Hi, my name is Sofie, and I'm a project-a-holic.

I tend to have a lot going on in my life. A fairly recent example: working forty hours a week between four jobs whilst studying two masters degrees (one full time, one at half-load) and writing a novel. With a social life and other personal projects on the side. Admittedly I don't cook around here and my idea of housework is sweeping my eyes over a room, but most people will admit that's a lot to pack into one point of life. 

There are lots of terms for people like me. "Hyper-Creative" is the buzzword this decade, previously it's been 'dippers' (verses 'divers' , and I no longer remember where I read that one). To my friends, it tends to be 'crazy', 'insane' or occasionally "Yeah, Sof, but you're just... well, you", with 'you' in that tone usually reserved for That Weird Guy On The Bus. But I'm constantly drawn to the new idea, the new project, the new thing to create. It frustrates me that my story ideas take so long to come to fruition, because there's a traffic jam of ideas in my head that's backed up down the mountain and out to the ferry. Filling my life with new things - learning, projects - is my standard operating procedure.

It's not without sacrifices. Sleep tends to be the first thing to go, closely followed by other sensible things, like taking the cardboard recyclables out (I have a small fort), or putting your shoes back in the wardrobe (there's a boot-mountain by my bookshelf). But I discovered recently (well, several months ago by the time you read this, but as I have travel coming up, I'm writing this in December) one of the first things to go is the writing.

Which is, on one hand, like every other writer out there, really. But on the other hand, it's absurd.

Unlike most of the commitments in my life, my writing has no boss. There's no one expecting output. No one's expecting anything. So when faced with the choice of going to work and earning money / doing my assignment and finishing uni or writing, the task with the external force wins. When I was administering a large course this semester past, it happened - whenever I came home, there was always some work I had to get done instead of writing. Marking guides had to be created. Students had to be answered. Exams had to be marked, minutes had to be written, meetings had to be planned. And the writing kept getting pushed to the side.

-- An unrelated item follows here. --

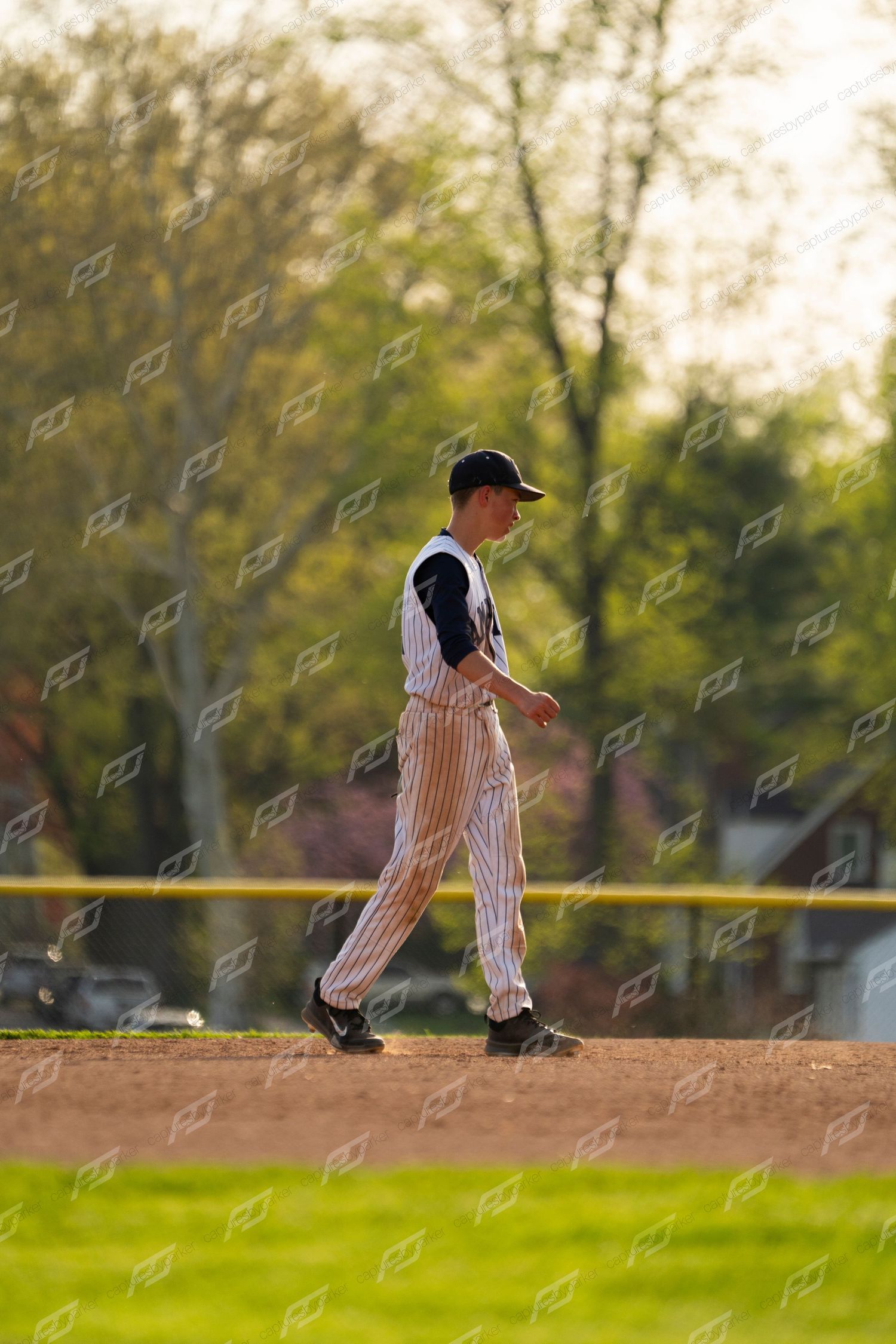 Baseball player in pinstripe uniform walking on the infield dirt during a game on a sunny day.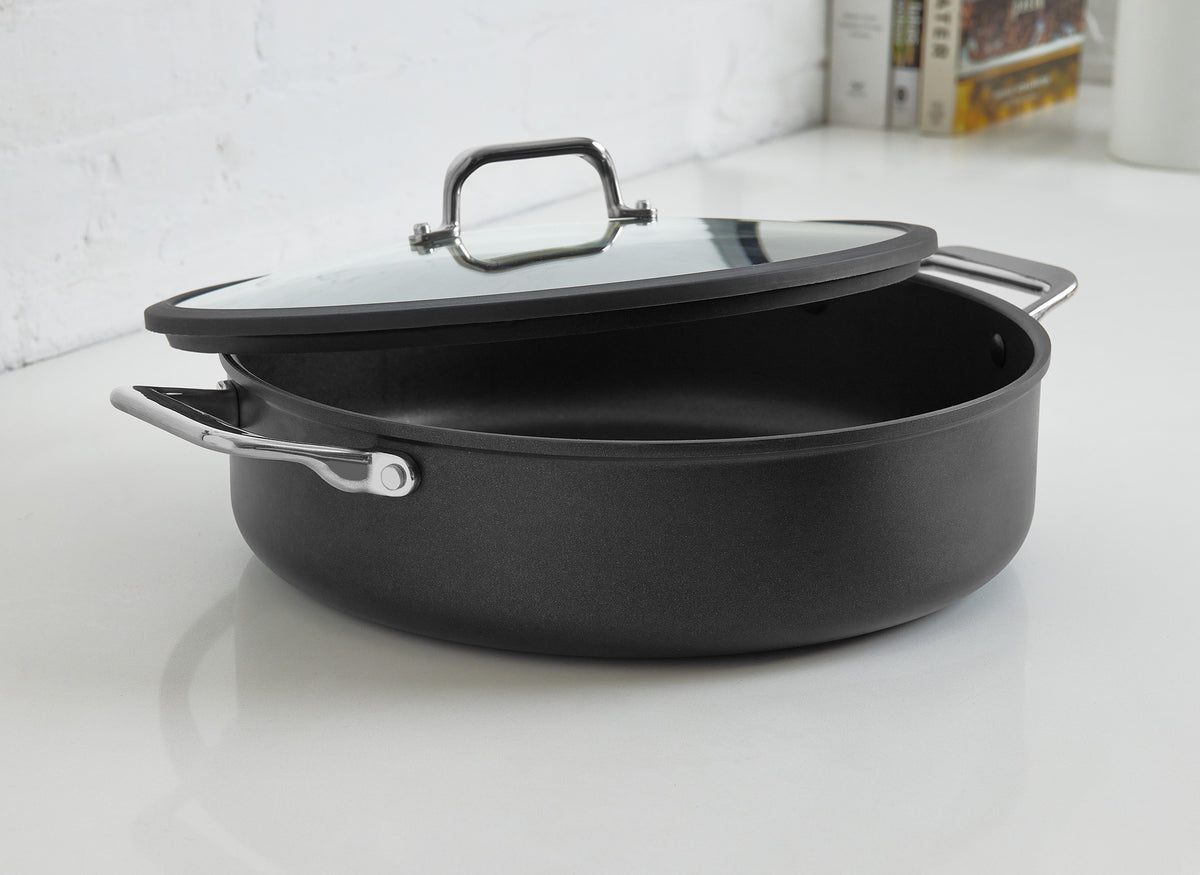 The Misen Nonstick Rondeau sits on a white kitchen countertop with the lid partially on.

I was on the verge of taking on yet more of this type of work-coming-home-with-me when it hit me: I was spending all this energy over something that wasn't ultimately where I wanted my life to go. I wanted to write, not teach at university. (Don't get me wrong, I love teaching. But it's a work-to-live equation there, not a live-to-work.)

A few weeks away from that job and my writer-brain has awakened again. Story ideas are pouring from my fingertips, near-full-formed into my queue. Problems with stories are fixing themselves before my eyes; I'm thinking in stories again. I'm a writer again. I don't know what I was a few months ago, but I don't think 'writer' was it.

I've had to take a look at what's in my life, and ask myself "Is this helping me along where I want to go?" "Is this the best option to achieve this end?". There are several areas that I suspect I'll be pulling back from over the next year, as I decide these things. Because I need to simplify my life, I need to reduce the things that tie up my story-brain like that, and prevent it from thinking and dreaming. Ineed to hammer into my brain that writing comes first.

I think this is the third time I've learned this lesson. I don't remember what prompted me to learn it the last few times, but hopefully this one will be memorable enough to last.

What's one thing you could do to help your story-brain thrive? Now, how will you make sure you do it?